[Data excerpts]
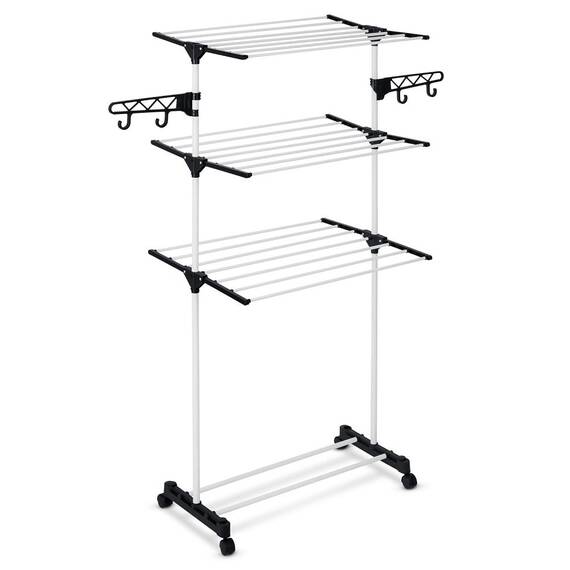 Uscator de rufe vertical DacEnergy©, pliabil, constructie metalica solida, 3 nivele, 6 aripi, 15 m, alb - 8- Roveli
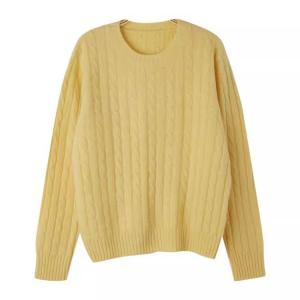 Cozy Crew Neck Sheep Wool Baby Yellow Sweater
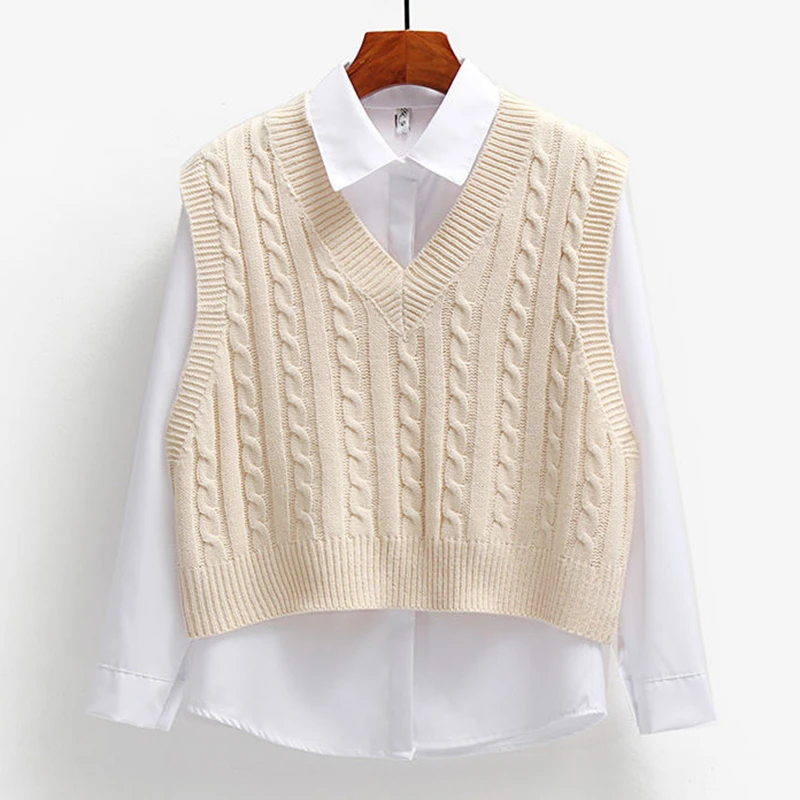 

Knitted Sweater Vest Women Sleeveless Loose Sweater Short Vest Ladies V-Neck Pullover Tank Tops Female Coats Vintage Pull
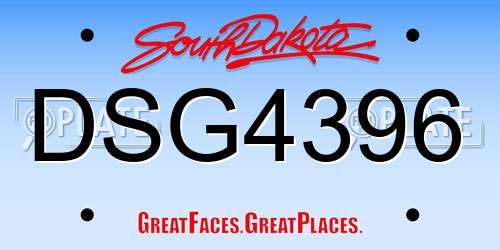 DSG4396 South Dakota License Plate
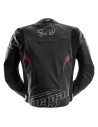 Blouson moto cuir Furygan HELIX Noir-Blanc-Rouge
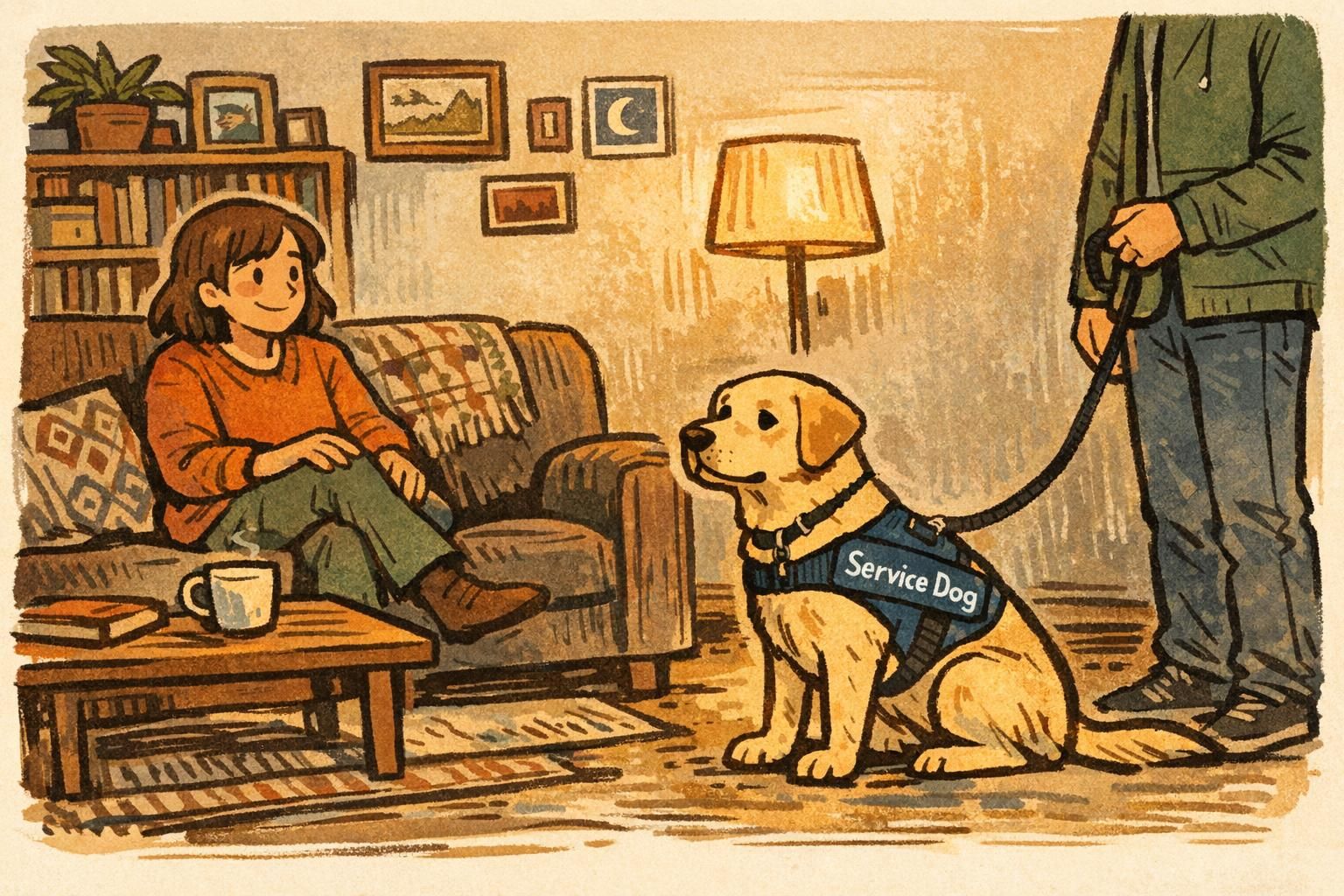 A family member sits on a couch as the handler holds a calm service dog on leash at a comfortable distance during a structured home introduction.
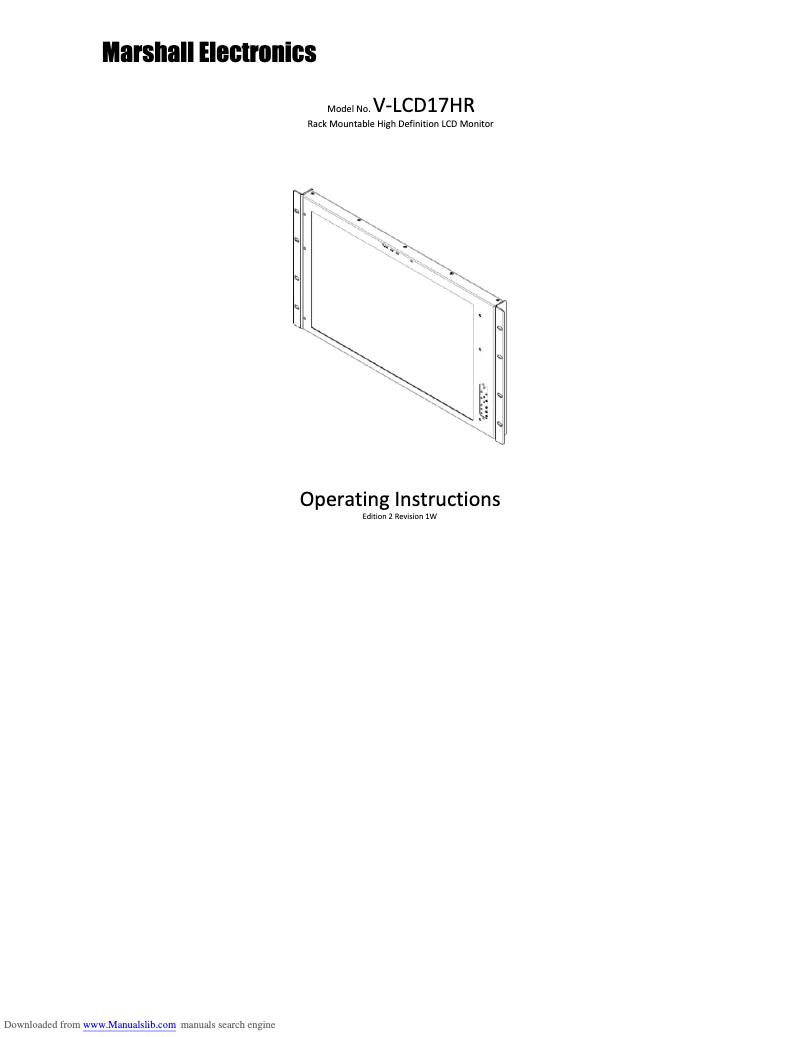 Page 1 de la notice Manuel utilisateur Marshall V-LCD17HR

* Exercise
Drop the images and transcribe the entries above exactly.

* Written solution
 Uscator de rufe vertical DacEnergy©, pliabil, constructie metalica solida, 3 nivele, 6 aripi, 15 m, alb - 8- Roveli
 Cozy Crew Neck Sheep Wool Baby Yellow Sweater

Knitted Sweater Vest Women Sleeveless Loose Sweater Short Vest Ladies V-Neck Pullover Tank Tops Female Coats Vintage Pull
 DSG4396 South Dakota License Plate
 Blouson moto cuir Furygan HELIX Noir-Blanc-Rouge
 A family member sits on a couch as the handler holds a calm service dog on leash at a comfortable distance during a structured home introduction.
 Page 1 de la notice Manuel utilisateur Marshall V-LCD17HR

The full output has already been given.